Electrostatically charged samples or containers can be difficult to weigh. Problems with balance stability or measurement drift can often be caused by static charges. This application note explains measures that can be taken to prevent electrostatic charges building up, but more importantly what can be done to dissipate these charges once they have been generated. Understanding electrostatic charges and the effects they can have on samples and containers are critical to avoid disruption to weighing processes.

What is Static

Static is the accumulation of electrical charges on the surface of a non-conductive material. The phenomenon of static electricity requires the separation of positive and negative charges. When two different materials are in contact with one another, electrons can move from one material to the other, which leaves a positive charge on one material, and an equal negative charge on the other.

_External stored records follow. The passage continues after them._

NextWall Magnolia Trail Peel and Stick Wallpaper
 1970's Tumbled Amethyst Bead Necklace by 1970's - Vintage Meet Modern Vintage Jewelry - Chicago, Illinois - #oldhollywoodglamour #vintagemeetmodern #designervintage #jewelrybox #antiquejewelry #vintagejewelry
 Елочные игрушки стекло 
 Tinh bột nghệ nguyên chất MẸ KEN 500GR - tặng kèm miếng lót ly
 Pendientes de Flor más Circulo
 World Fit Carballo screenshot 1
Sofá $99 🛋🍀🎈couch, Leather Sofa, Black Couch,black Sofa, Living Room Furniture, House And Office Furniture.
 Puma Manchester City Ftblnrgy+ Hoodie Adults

What Causes Electrostatic Charges

Friction is the most common way for electrostatic charges to be generated on an object. Everyone remembers the experiment in physics class, where a glass rod is rubbed with a cloth and will then attract small pieces of paper or lift the hair away from your head. Typical laboratory examples include:
Drying a glass beaker with a cloth
• Handling a volumetric flask with disposable gloves
• Unpacking a laboratory vessel from a plastic bag
• Filling a vessel with loose materials (bulk)
Charge separations are caused by rubbing, for example, when tare containers are grasped or lifted. This is fostered by materials that have a strong electrical insulation effect, such as PTFE or plastic materials (like polypropylene, polycarbonate or polystyrene), but also glass. In addition, unfavourable external conditions, such as a dry atmosphere, poorly grounded floors, or the use of plastic gloves, can contribute to the formation of charge separation and, thus, to electrostatic charging.
However, charges can also arise without the involvement of friction. Merely separating two different materials, such as lifting a glass flask off of a plastic surface is sufficient to generate a strong static charge.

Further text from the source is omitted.